A factorial survey design was employed, augmented by a content analysis of qualitative data, collected to explore the knowledge and practices of nurses who undertook the course (n = 39) before and after the intervention. In the factorial survey the unit of analysis is the vignette, which included nine independent variables, presenting patient characteristics related to incontinence, each with a number of levels which were randomly selected within each unique vignette. The total vignette population was 82,944, of which 1794 were randomly selected. The dependent variables measured the judgement of nurses and were related to knowledge, attitudes and practice. The utilisation of the factorial survey to establish the effectiveness of the educational intervention expands its usage as a research methodology.

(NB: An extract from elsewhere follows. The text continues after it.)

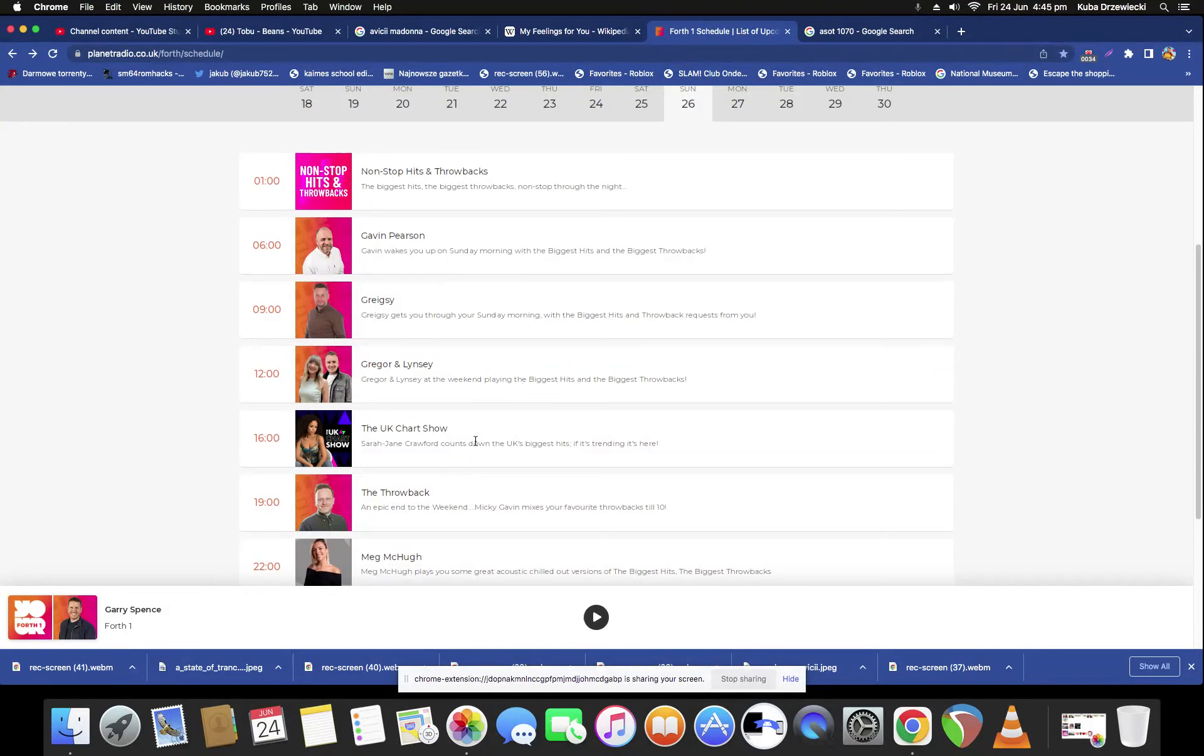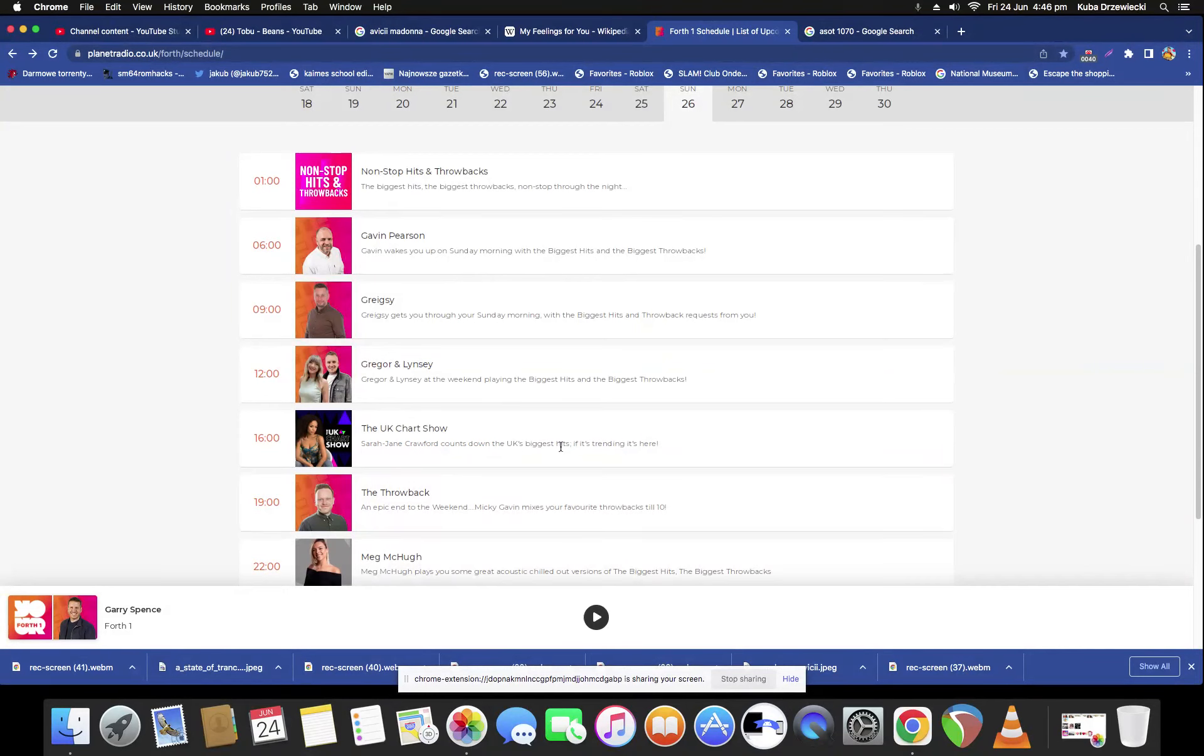UK Churchill, Sarah James Crockford counting down with the UK's biggest hits, trending from here, the throwback.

This course resulted in nurses' altered decision making in continence care. Prior to the educational intervention the provision of pads explained 21.7% of the variance, after the intervention this reduced to 11.2%. The effect of age on nurses' judgement was mediated following the intervention, where mean ratings statistically changed from 6.02 to 2.36, where 85 year olds were less likely to be prescribed pads.

This study demonstrates that while education can lead to changes in decision making regarding continence care, other factors such as the motivation of the patient and the context of care are important. It is concluded that continence education can alter ageist perceptions and needs to be integrated into general nursing programmes.